With effective from 25 may GDPR, everything changed. The regulatory authority is responsible for putting it into effect, outlined seven principles covering the integrity, use, storage, accuracy, accountability etc. are All important, but I’m not going to go into detail in this article (it is already happened long). The real importance is the following: the intention of the GDPR is to protect the privacy rights of consumers against capitalism observations. But the reality of the GDPR, as in almost any comprehensive regulation is such that it favors the first large-scale parties, which can easily obtain “consent” of the billions of consumers that use their services, and poses a significant threat to the ecosystem of the small-scale the first and third sides having fragile or short-lived relationship with consumers whom they serve indirectly.

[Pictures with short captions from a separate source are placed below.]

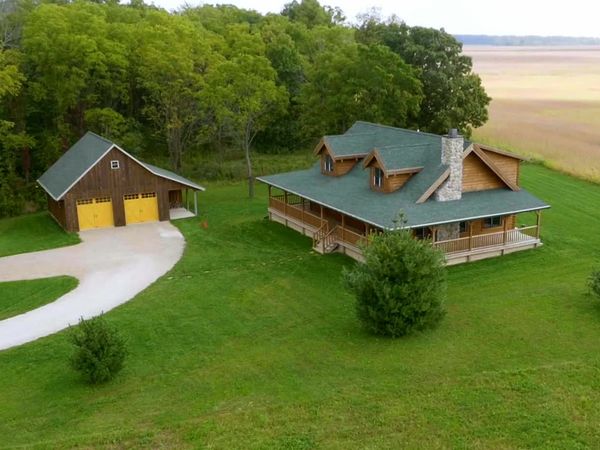 Log Cabin Living - Indiana Private Paradise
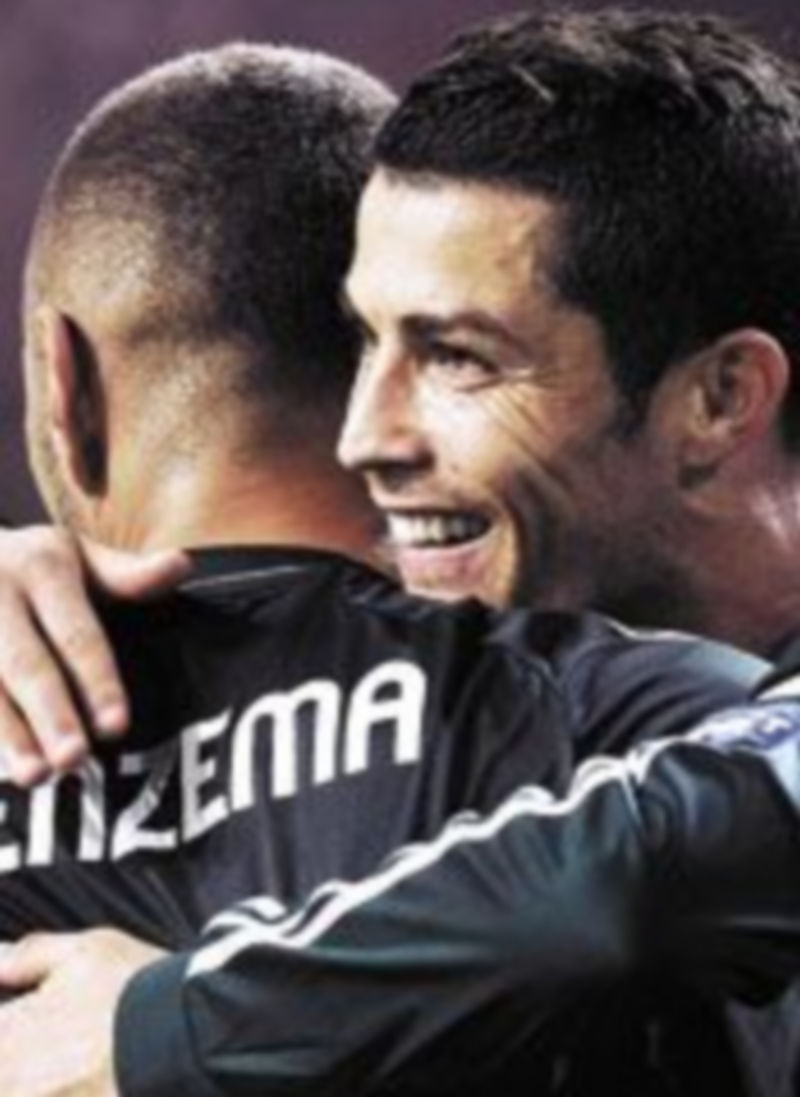 Benzema se perfila como el compañero de Cristiano Ronaldo en la zona de ataque. / Reuters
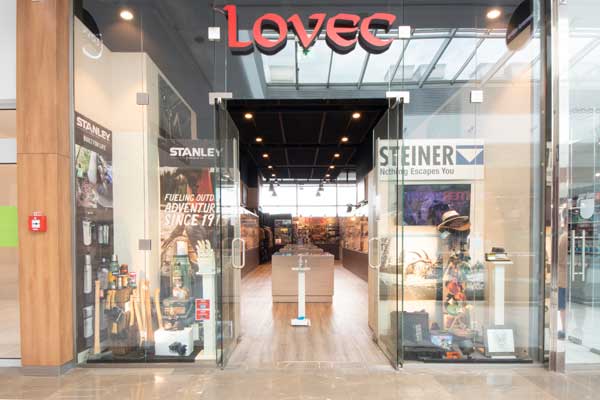 knifestock tienda LOVEC Aupark Bratislava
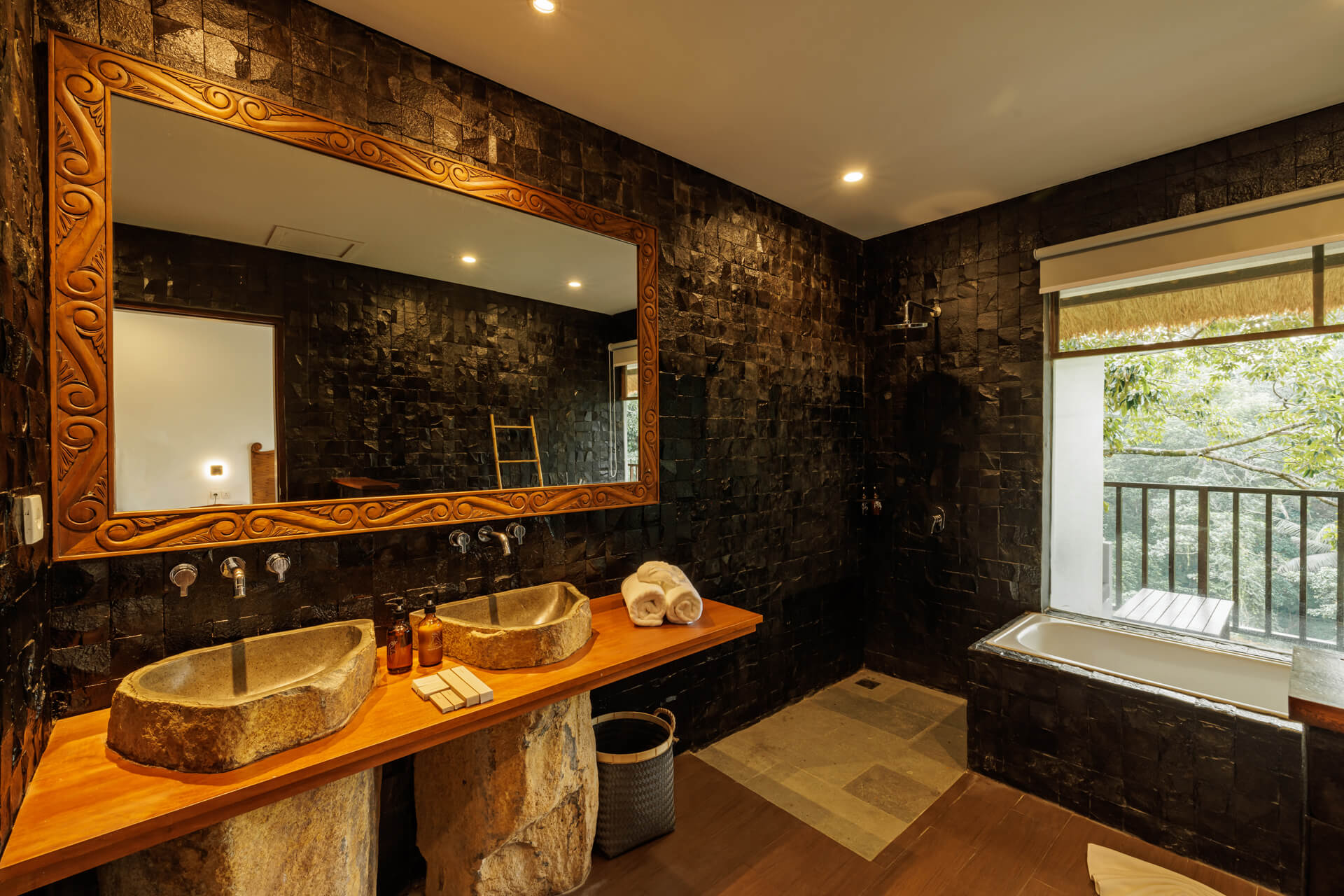 Dedari-Deluxe-Room-Bathroom-01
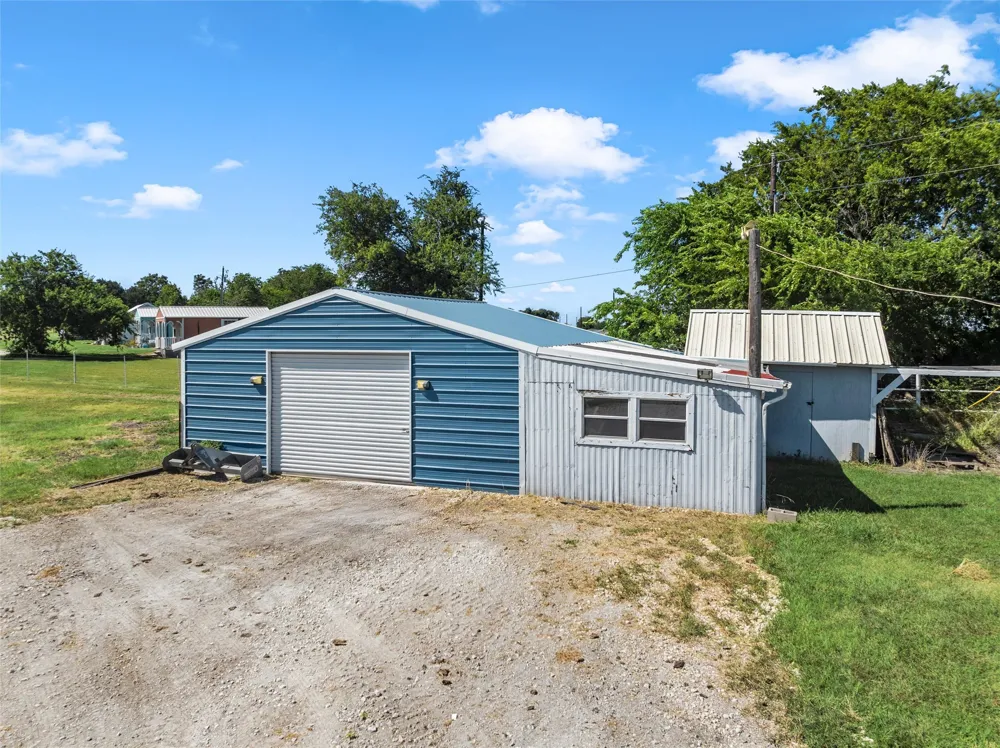1910 County Road 341 Moody, TX 76557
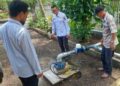 Guntur Priambodo didampingi Sekretaris Dinas Riza Alfahroby meninjau pembangunan sumur bor swadaya di Kecamatan Pesanggaran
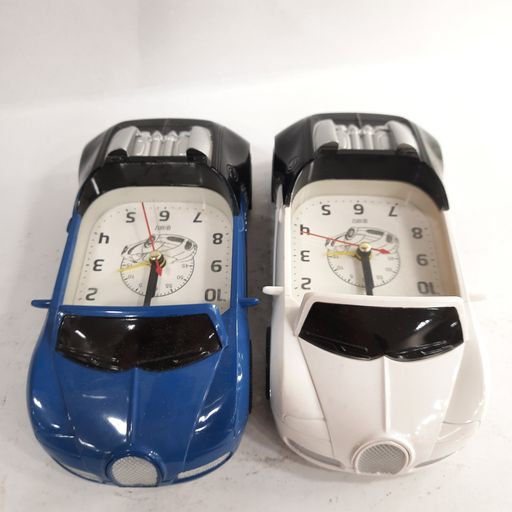 Car clock
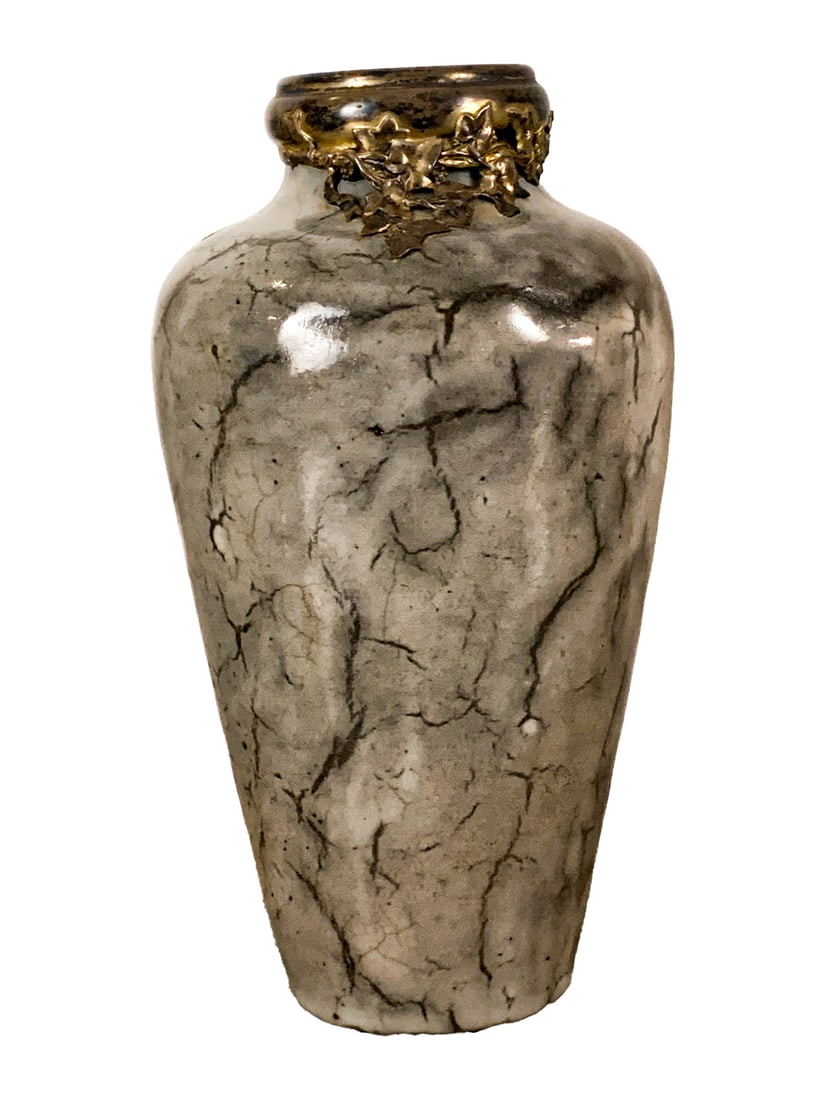 Antique French Bronze & Pottery vase: Antique French Bronze & Pottery vase. 7 x 4 in.Local Pick up call one day before to make an appointment. TO SHIP THIS ITEM IN USA OR INTERNATIONAL, PLEASE CONTACT THE SHIPPERS : 1) UPS store1937- Davi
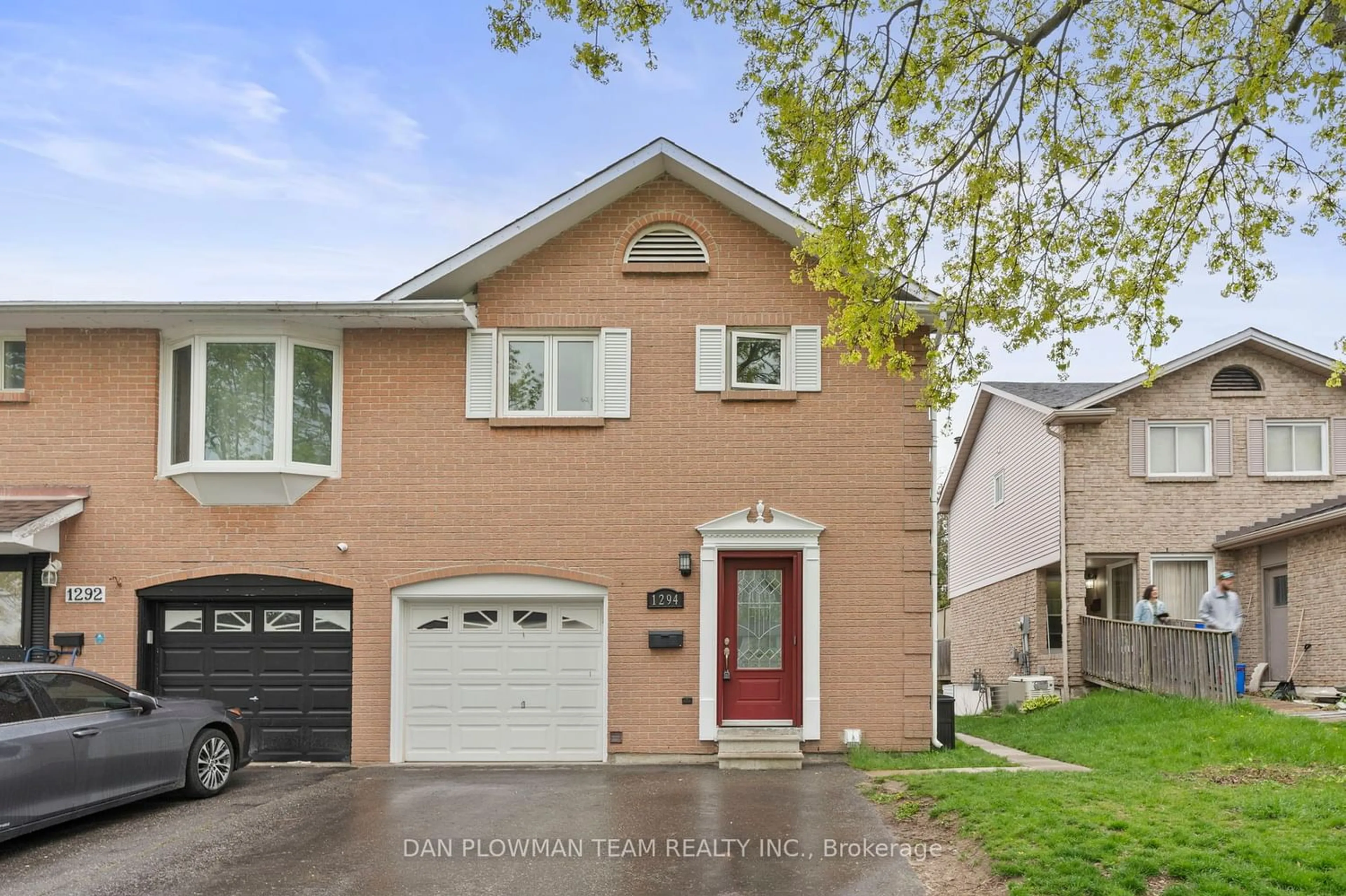 Frontside or backside of a home for 1294 Sunnybrae Cres, Oshawa Ontario L1H 8E5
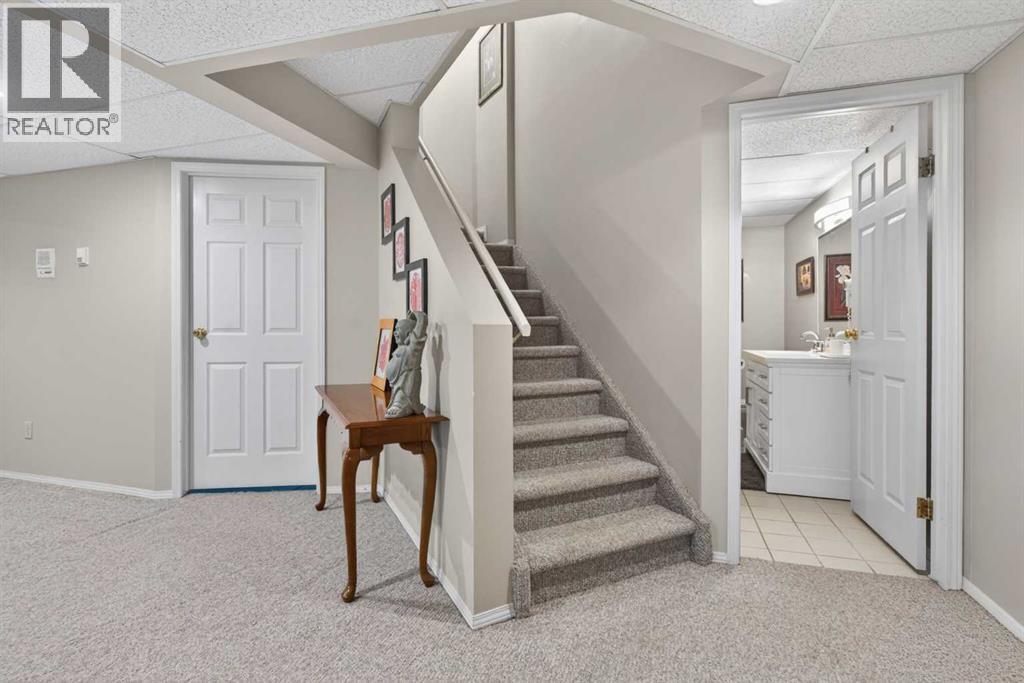 935 Shawnee Drive SW, Calgary, Alberta  T2Y 2G9 - Photo 35 - A2314560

In other words: you are more likely to click “I Agree” or “Yes”, when did you and your regular dose of dopamine from Facebook will pop up a form GDPR. But you are unlikely to do the same thing when some small webmaster you will be asked to give consent in a letter resembling spam.
A great example of such inequality of forces in action: Facebook runs on its platform third party data providers after the scandal with Cambridge Analytica, whether referring to the GDPR to consolidate their power as large-scale first hand. In short, because they have the scalability, resources and direct relationships with users, the first large-scale parties can benefit from GDPR to expand their power and further protect your business from smaller competitors. Innovation ecosystem loses and technological oligarchy increases.
I have long felt that innovation closed walled aggregators – it’s awful. They are deprived of public network the most important for growth: data, attention and income. In fact, almost all of the “innovators” of the open web in one way or another are in bondage to Amazon, Facebook, Apple and/or Google – they depend on them in terms of advertising services, ecommerce, processing, distribution and/or income as such.
Until now, according to preliminary results, it is obvious that GDPR, despite good intentions, has brought a large and unexpected consequences: rather than limiting the scope of the most powerful players in the data world, he actually achieved the opposite effect.